Hagamos de las vacaciones una buena oportunidad

Por:

CGomezC
05/01/2014

Por Claudia Salazar Manthey, Directora Regional de Sename

Las vacaciones son sinónimo de alegría para los niños, niñas y adolescentes, pero en muchas ocasiones también implican una preocupación para los padres, surgiendo preguntas como “qué hacer” o “cómo los entretengo”.

Las respuestas pueden variar de acuerdo a las posibilidades laborales y económicas de los padres, así como de la etapa de desarrollo, intereses y necesidades que estén viviendo los hijos e hijas.
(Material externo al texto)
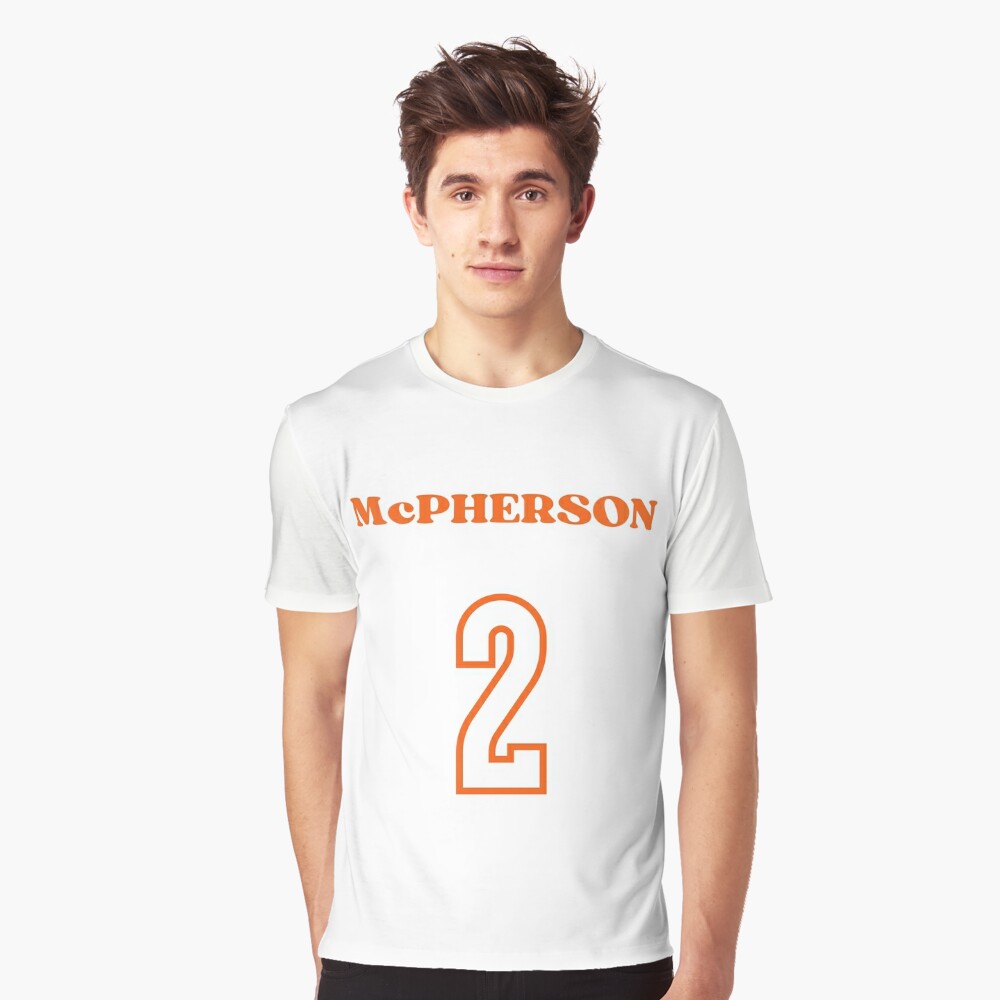 Evan Mcpherson Vintage T-shirt Graphic T-Shirt for Sale by MJ-Creatives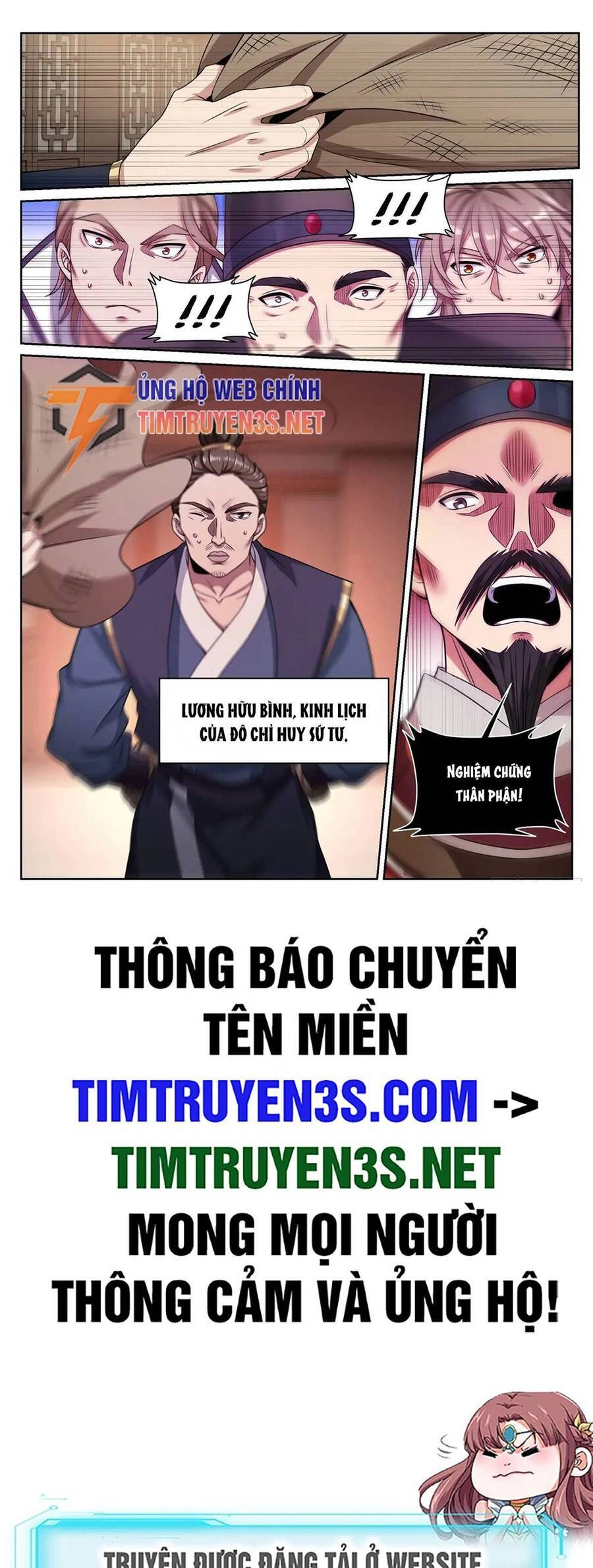 Đại Phụng Đả Canh Nhân Chapter 265 - 20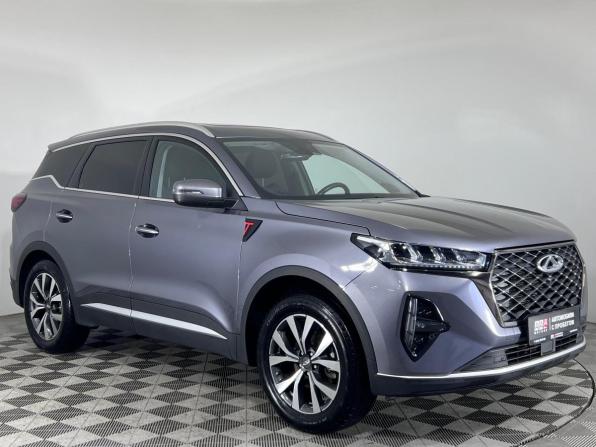 Chery Tiggo 7 Pro Max I с пробегом 2023 года, цена 1 740 000 рублей, 69035 км, внедорожник, Автокод Объявления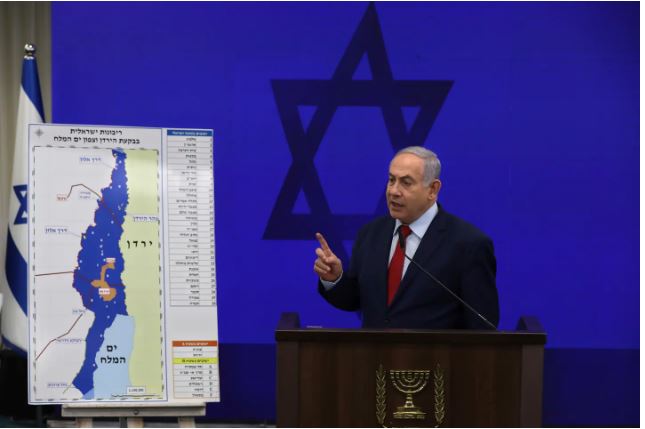 Tensione në rritje në Bregun Perëndimor  Netanyahu urdhëron bllokadë totale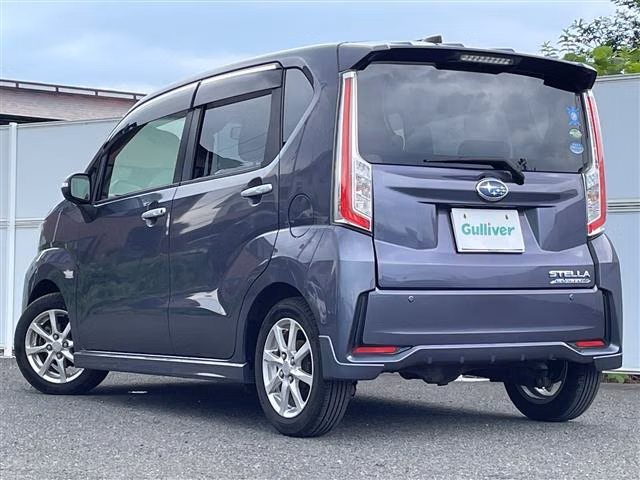 SUBARU STELLA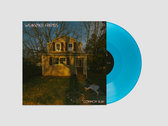 Blue Vinyl/Shirt bundle photo 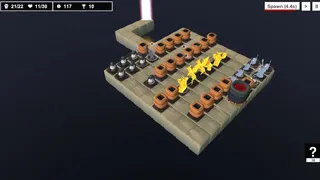 Скриншот 4 к игре Defense Golem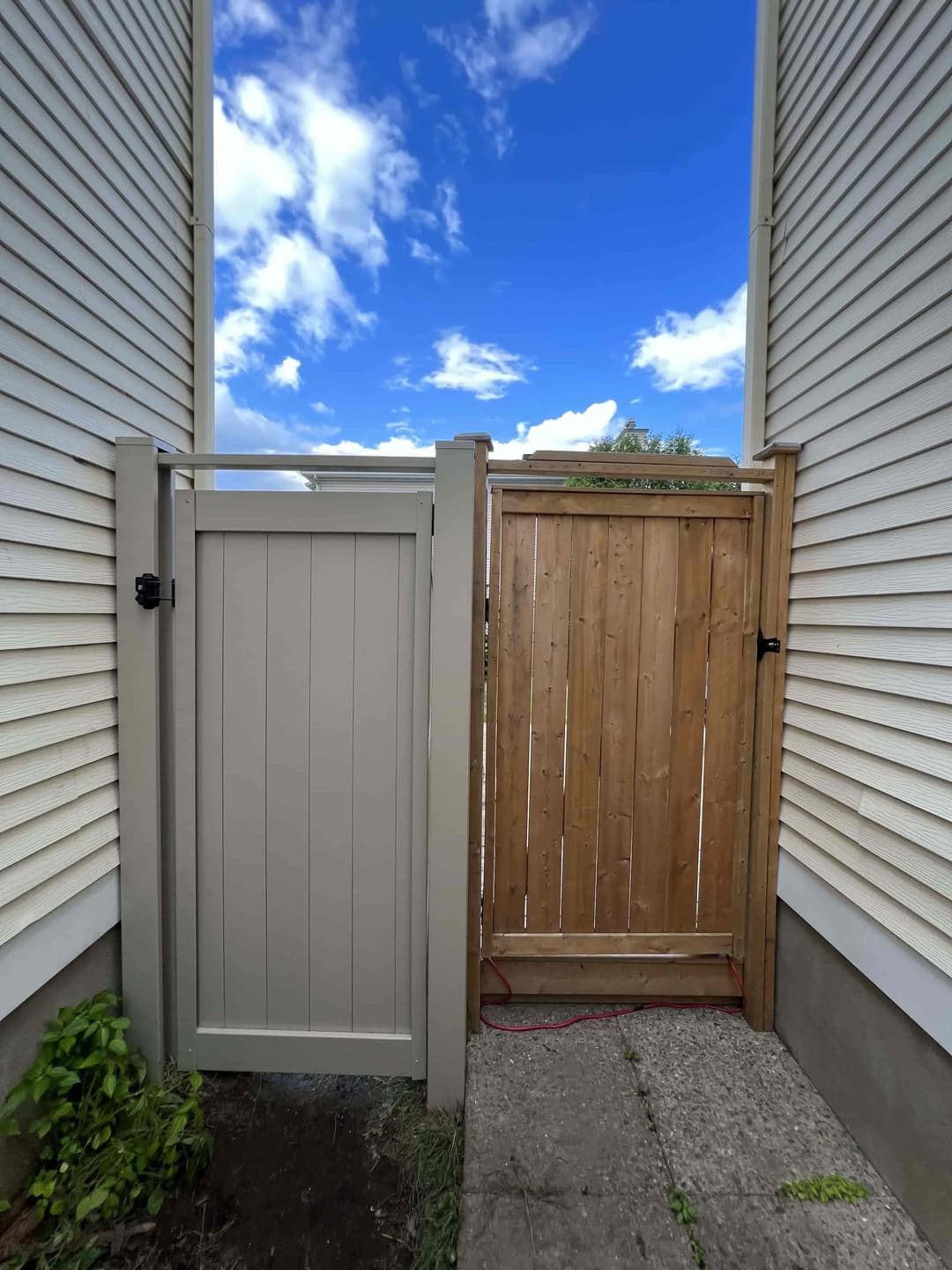 Image of a fence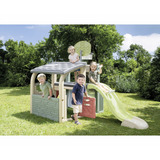 Smoby Life Klettergerüst Fun Center, Gartenspielgerät 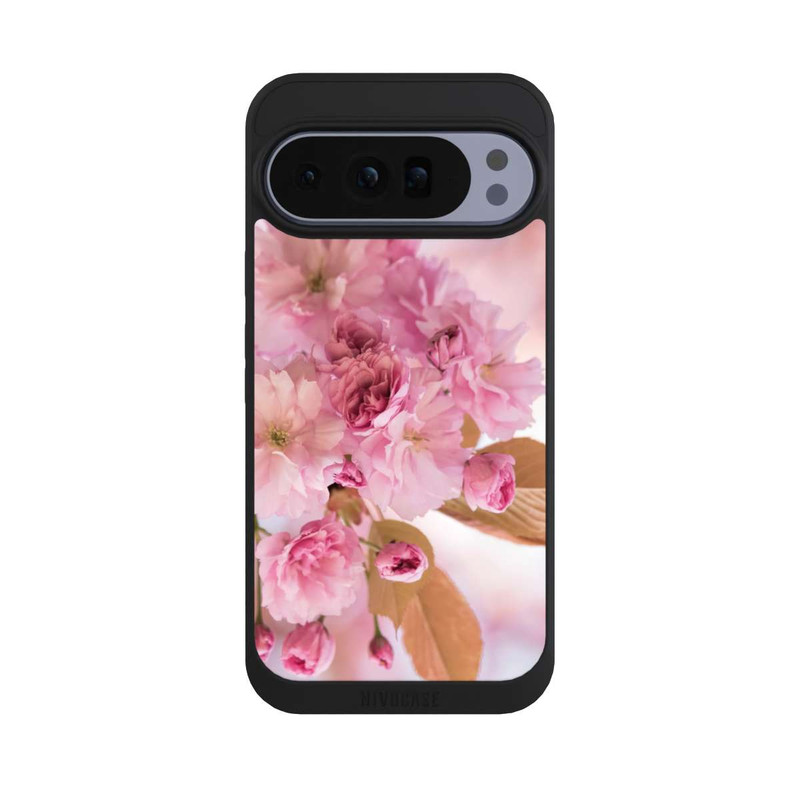 Pixel 10 Pro XL NIVOpure Cerisier du Japon Photographie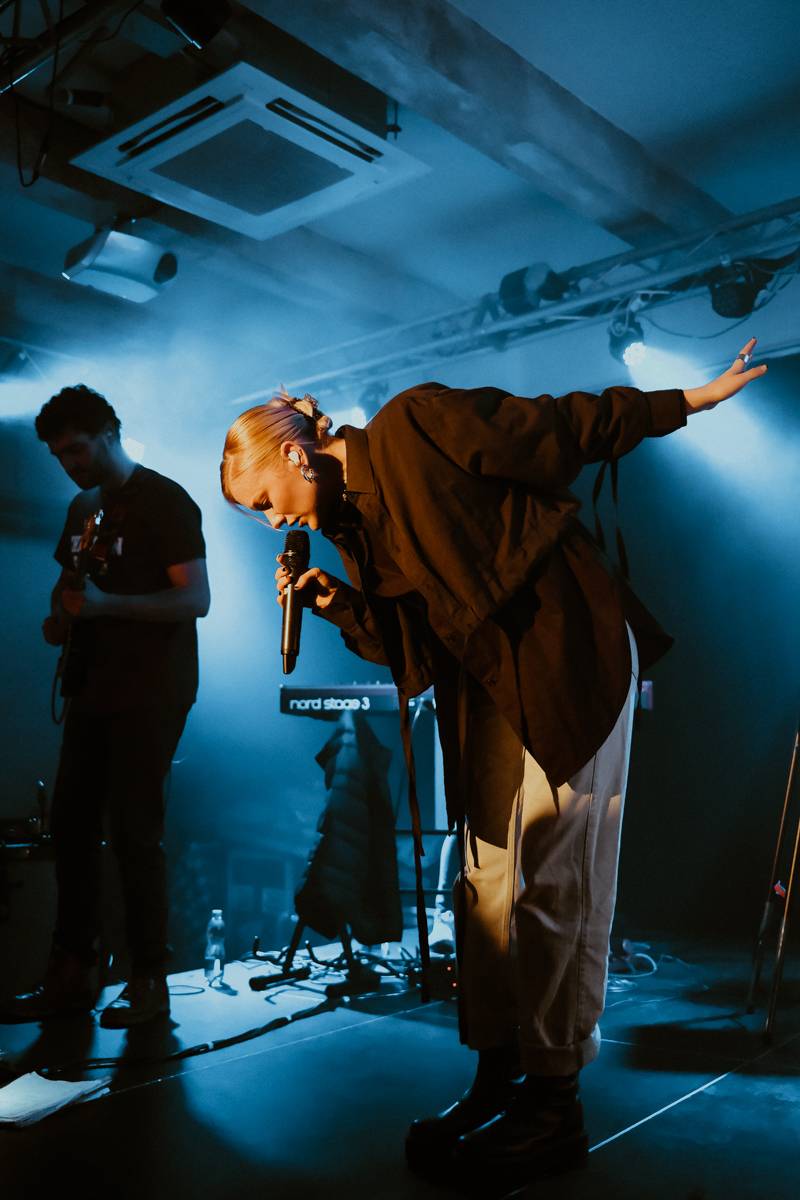 Annet X zakončila v Hradci Králové své turné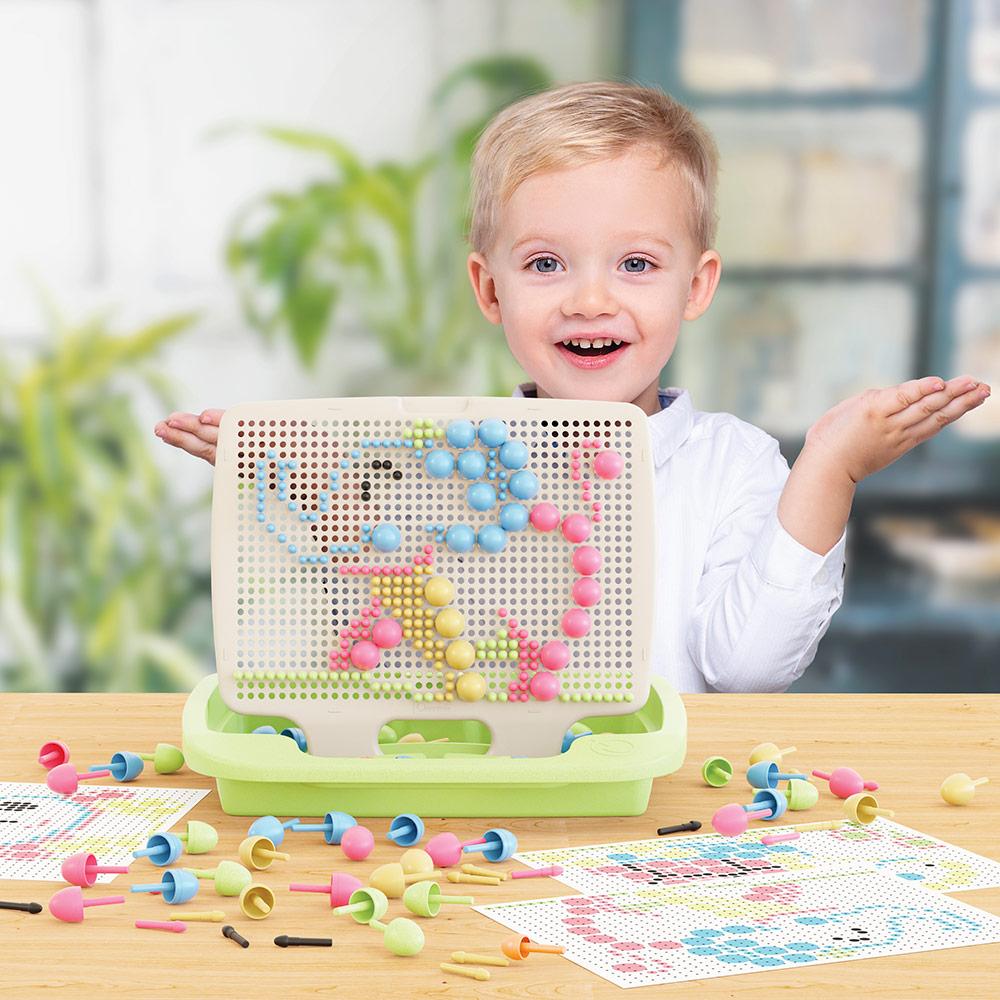MOSAICO FANTACOLOR - PLAY ECO- 310 PIEZAS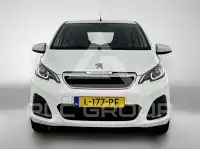 2021 Peugeot 108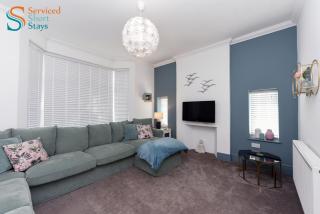 Light and spacious three bedroom house in Margate close to beach and amenities - Margate - 7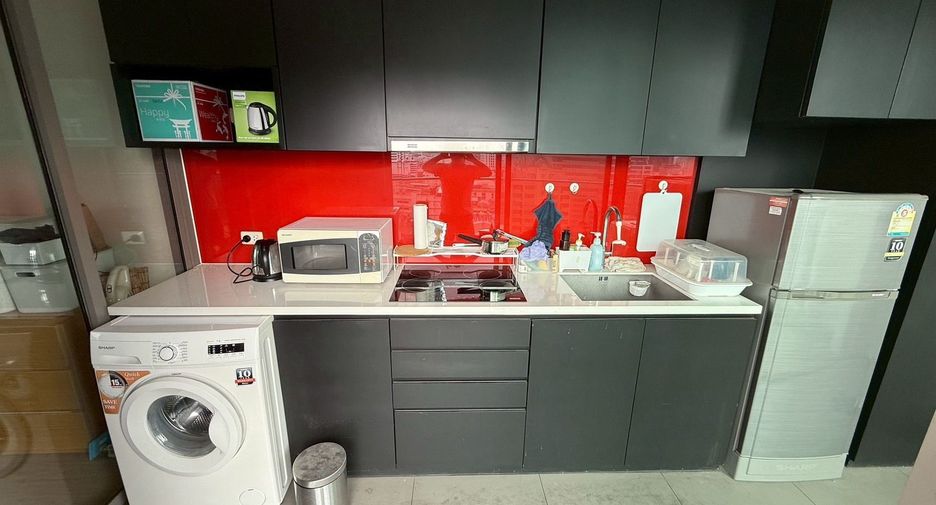 For sale and for rent 1 bed condo in Bang Rak, Bangkok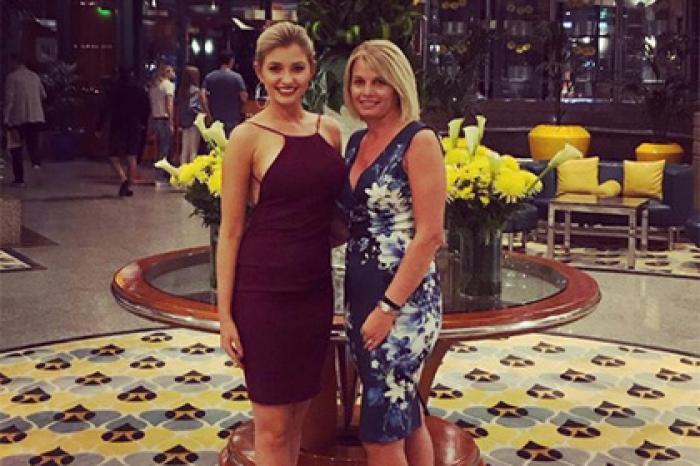 Мать звезды реалити-шоу напала на охранника и угодила в тюрьму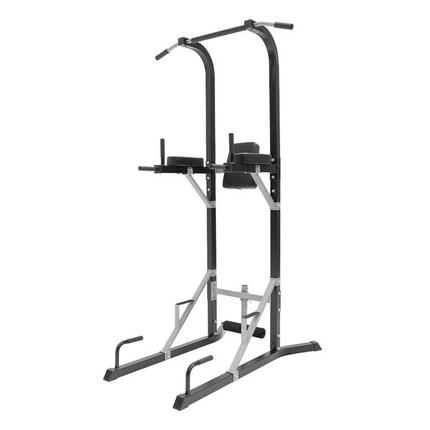 TOUR DE PUISSANCE / ÉLÉVATION DES GENOUX VERTICALE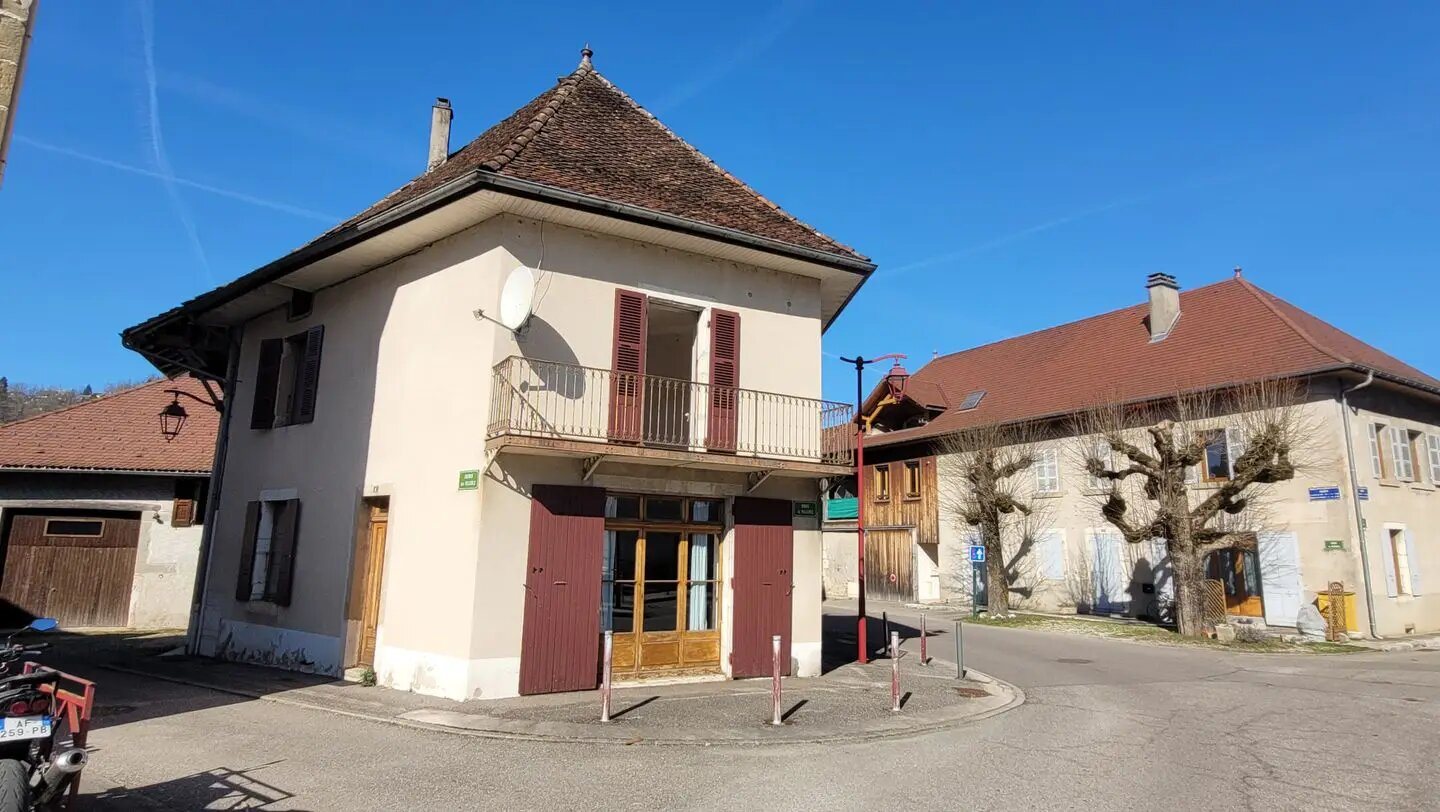 Maison à vendre, 110m², Saint-Laurent-du-Pont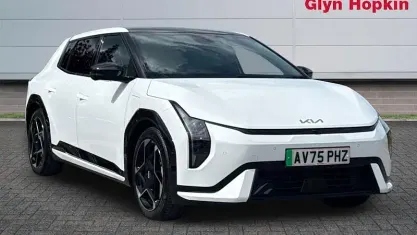 Occasion Kia EV4 GT-Line S 150 kW (204 ch) 2025 Citadine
El entorno sociocultural donde vivimos y las alternativas que éste nos ofrece también son un factor a considerar.

Sin embargo, hay un hecho que converge en toda realidad personal y familiar: las vacaciones son una oportunidad para poder hacer y estar en familia, propiciando que los niños, niñas y adolescentes disfruten de la mejor manera su tiempo libre, apelando a que los padres planifiquen y desarrollen actividades haciéndolos partícipes y sin caer en situaciones impuestas u obligadas.

Poder hacer en familia, articulando –tanto padres como hijos- espacios, tiempo y cosas que posibiliten que los niños, niñas y adolescentes se asuman como sujetos activos y como fuente de iniciativa, responsabilidad y compromiso.

Estar en familia, valorando y aprovechando el tiempo para compartir juntos, recrearse, conversar, jugar, comer y participar de la rutina diaria. El rescate de estos espacios nos invita a mirarnos como familia, reforzando las relaciones padres-hijos, abuelos-nietos, hermanos u otros.

Las vacaciones son una oportunidad para afianzar lazos familiares, garantizando el derecho que toda niña, niño o adolescente tiene a la recreación y participación, favoreciendo el despliegue de factores protectores y de buen trato que contribuyan a su pleno desarrollo. Así también, la oportunidad para los adultos de conectarnos con nuestros hijos e hijas desde un contexto distinto al de las obligaciones, pasando a un escenario de sabernos importantes el uno para el otro, de pasar tiempo juntos, de conocer y descubrir los intereses y necesidades de los hijos, vitalizando con ello a la familia.